I had a foster daughter for a year and her behaviour was extreme. We got her at 2 and she had been through a lot...she was biting herself (and others) and tantrums like i had never seen and other behaviours that were outside my experience.
I saw a child pysch and she met my DFD a few times and me seperately as well...it helped me so much!
We came away with some methods of anger management i would have never thought of (punching a pillow, scrunching paper into balls, expressive yelling) and it really did change her behaviour.
She went back to her mum (yay) and they still use the pillow drumming years later.
11-04-2012 22:03 #3
2 year olds are egocentric and are still learning the concepts of empathy and sympathy. Yes, they can very much enjoy getting dramatic reactions from other children by bullying them around. It's not so much a malice thing or an evil thing. They just arent thinking of the other child in a sympathetic way at all.
Have a look at the whole situation. Make a big point of praising desireable behaviour. If you havent already, the next time he does it, dont talk to him, dont look at him, just sit him somewhere quiet then go make big deal out of the child who was hurt. If he has the language for it, ask him when he is in a good mood after an incident why he thinks he did it.

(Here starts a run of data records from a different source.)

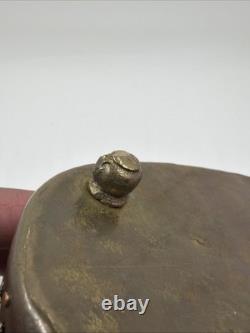 Vintage Old Antique Brass Fine Jail Cut Work Oval Shape Beautiful Jewelry Box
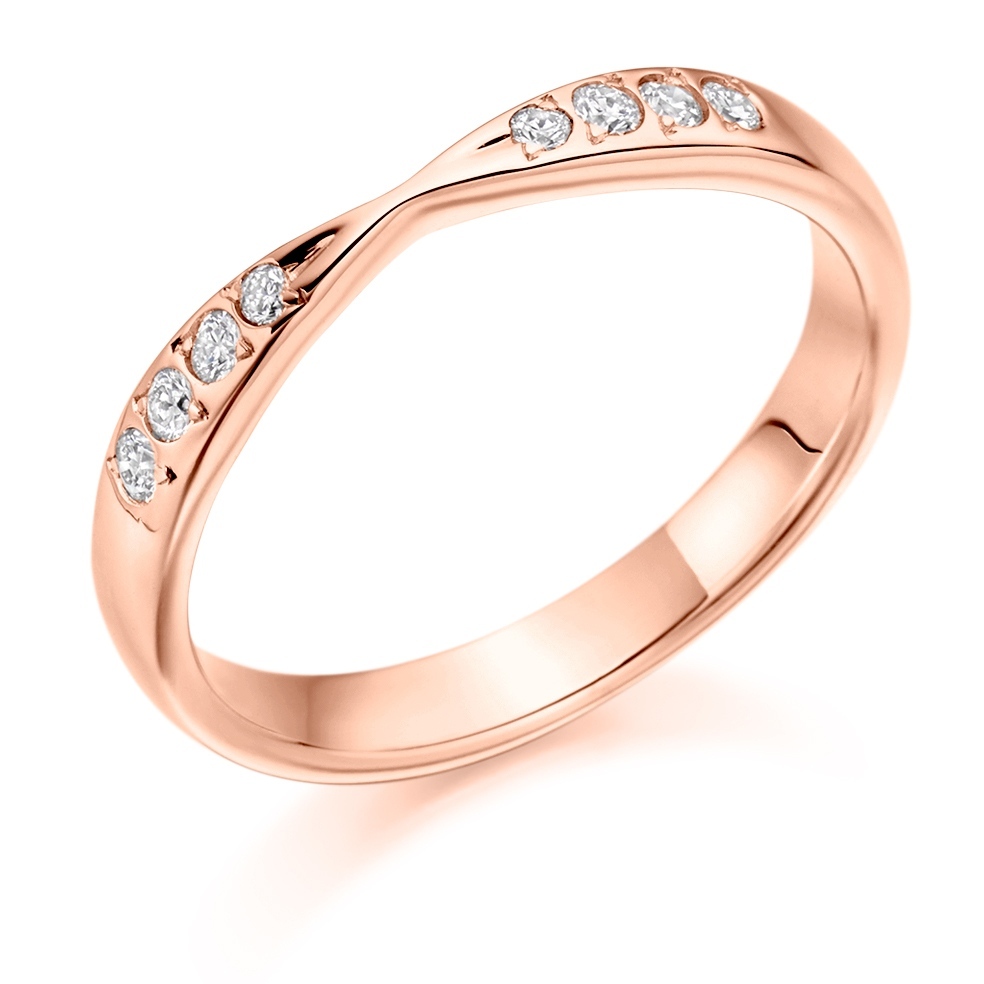 Aubrey - Shaped Grain Set Diamond Wedding Ring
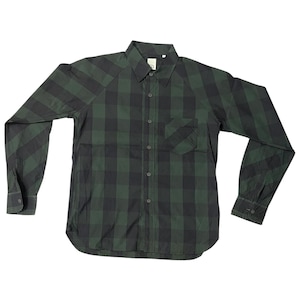 May include: A long-sleeved, button-down shirt in a green and black plaid pattern. The shirt has a single chest pocket and a classic collar. The sleeves have buttoned cuffs.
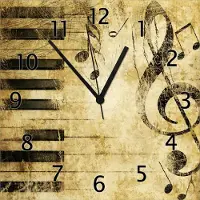 Wallario Design Wanduhr Musik als Leidenschaft Notenschlüssel in braun aus Echtglas, Größe 30 x 30 cm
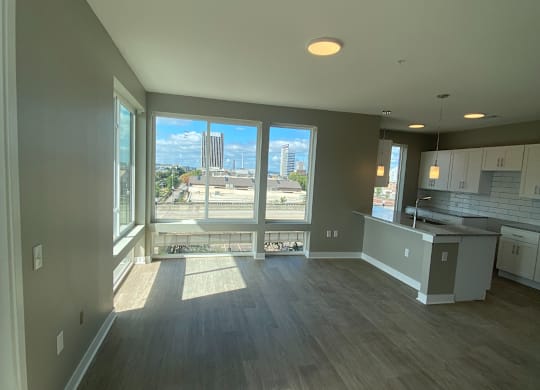 A spacious, open floor plan living room apartment at The Fitzroy Apartments in Birmingham, AL
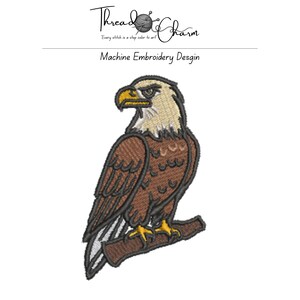Perched Eagle Embroidery Design – Noble & Powerful Stitch, Digital Download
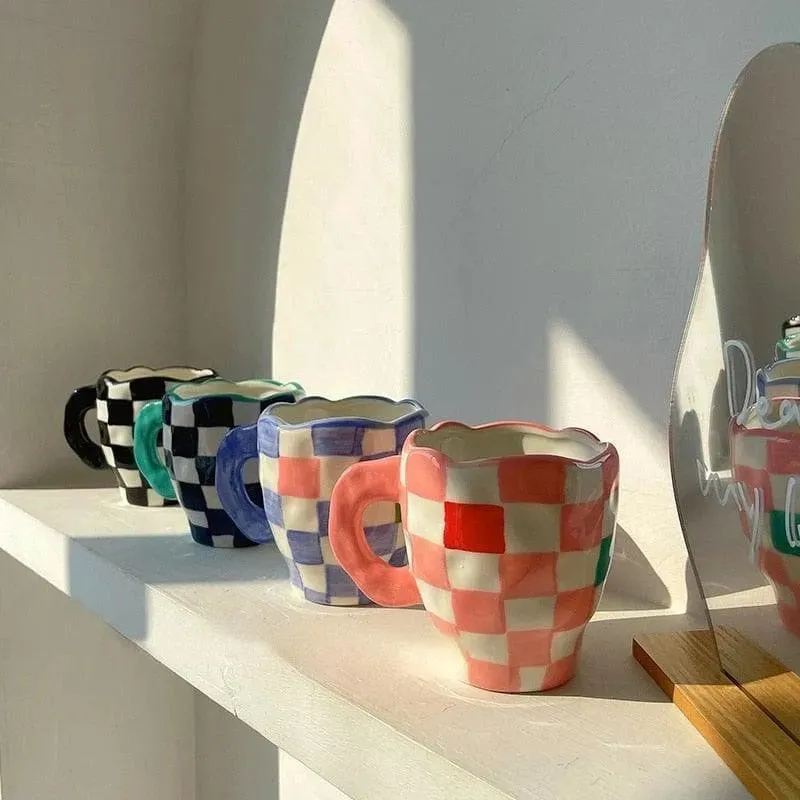 Handmade Irregular Checker Ceramic Coffee Mug
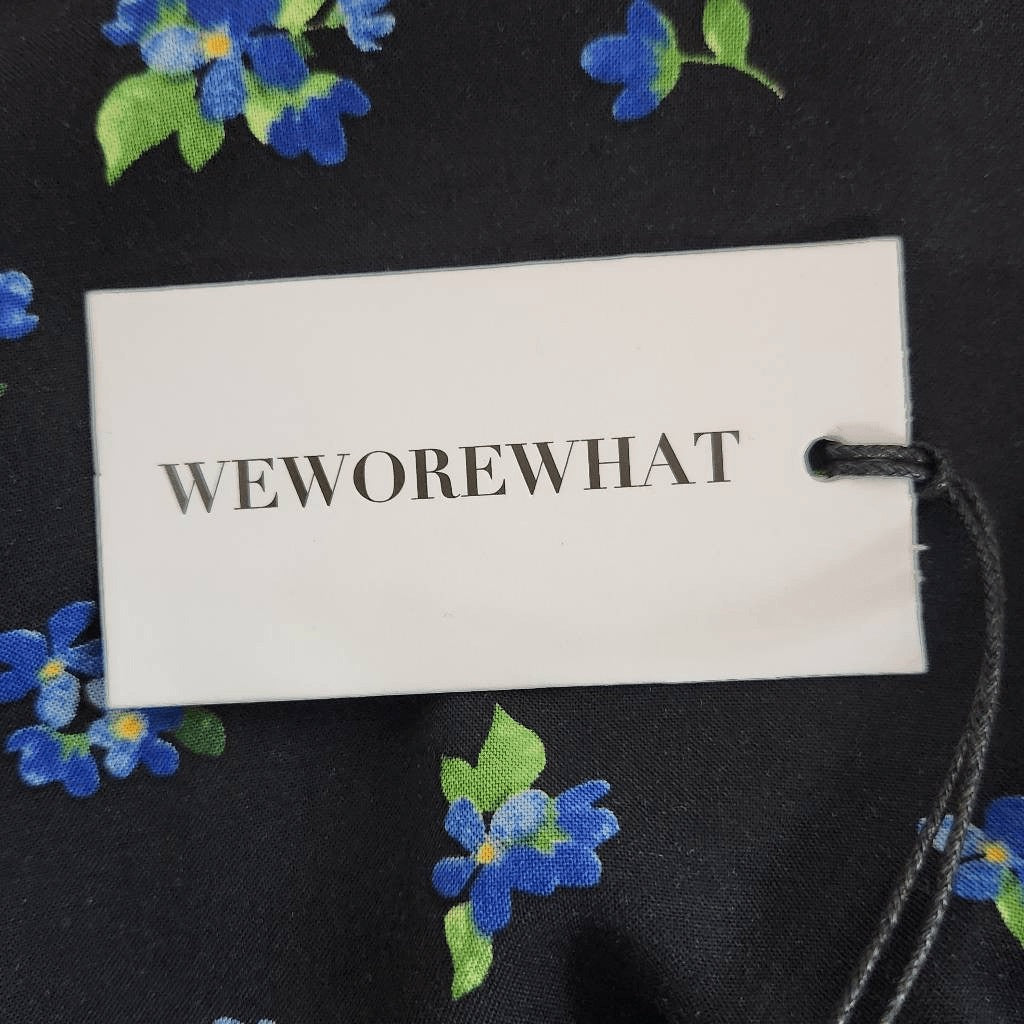 WeWoreWhat Black Floral Cropped Blouse NWT Size Large Boho Floral Blouse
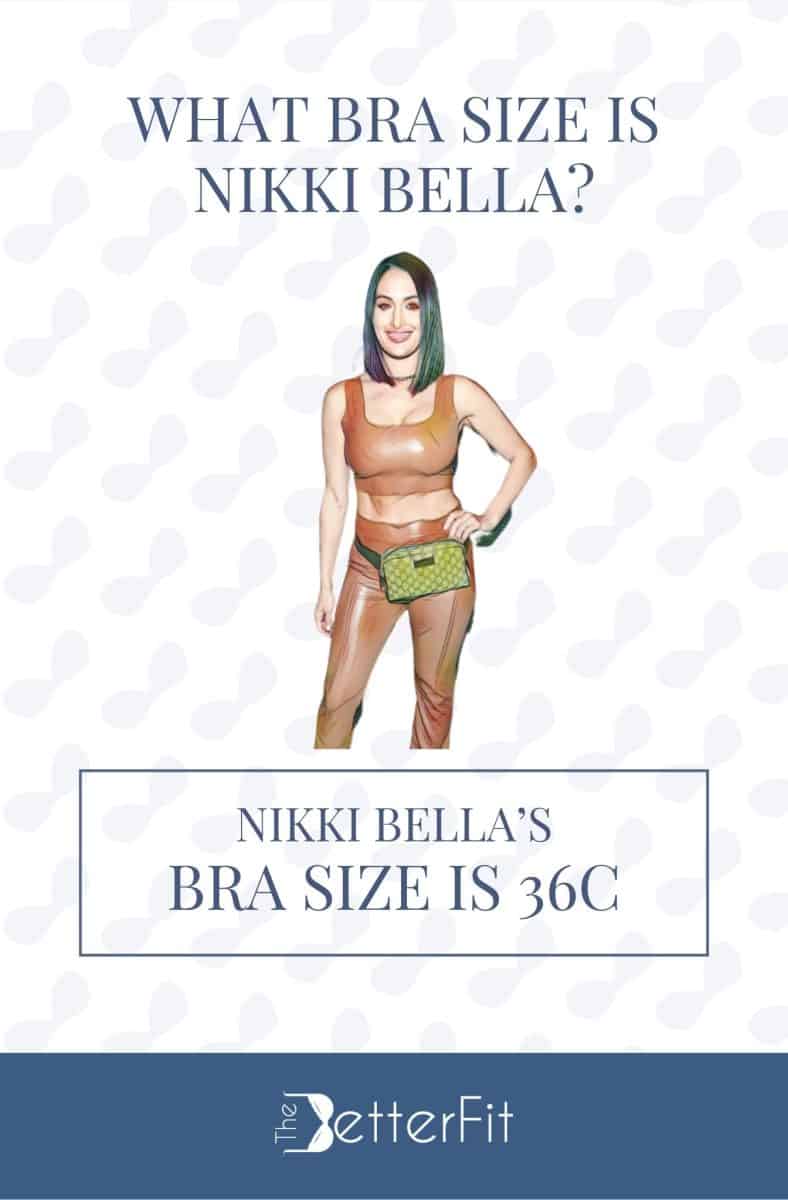 Graphic image of Nikki Bella with 36C bra size wearing a brown sleeveless leather crop top and brown leather pants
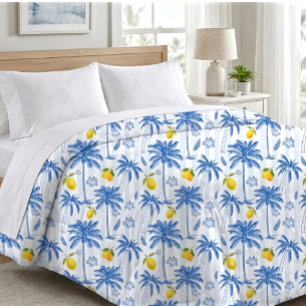 Blue Toile Palm Trees Lemons Pattern Duvet Cover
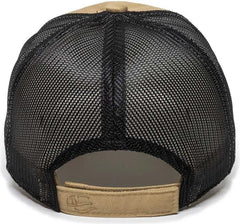 OC Sports FWT-130 Garment Wash Mesh Back Baseball Cap - Old Gold Black - Gold Black / 6 7/8’’ - 7 1/2’’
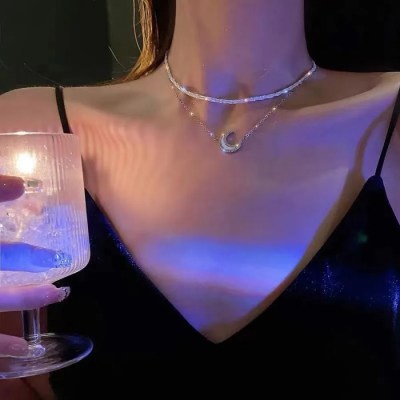Korean Style Minimalist Necklace Full Diamond Moon Pendant Necklace Women Trendy Simple Choker Neck Jewelry Collarbone Chain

Also, try giving him regular periods of 'heavy work'. This is things like jumping on a trampoline, digging in a sandpit and carrying buckets of sand around, rolling over the top of a really big ball or rolling the ball over the top of him. Even giving him really really big bear hugs. These sorts of things can help with childhood frustrtion and improve behaviour.
Some suggestions anyway. It's a very tough thing to deal with so I really feel for you. If you are out of ideas completely then seeking help can be useful.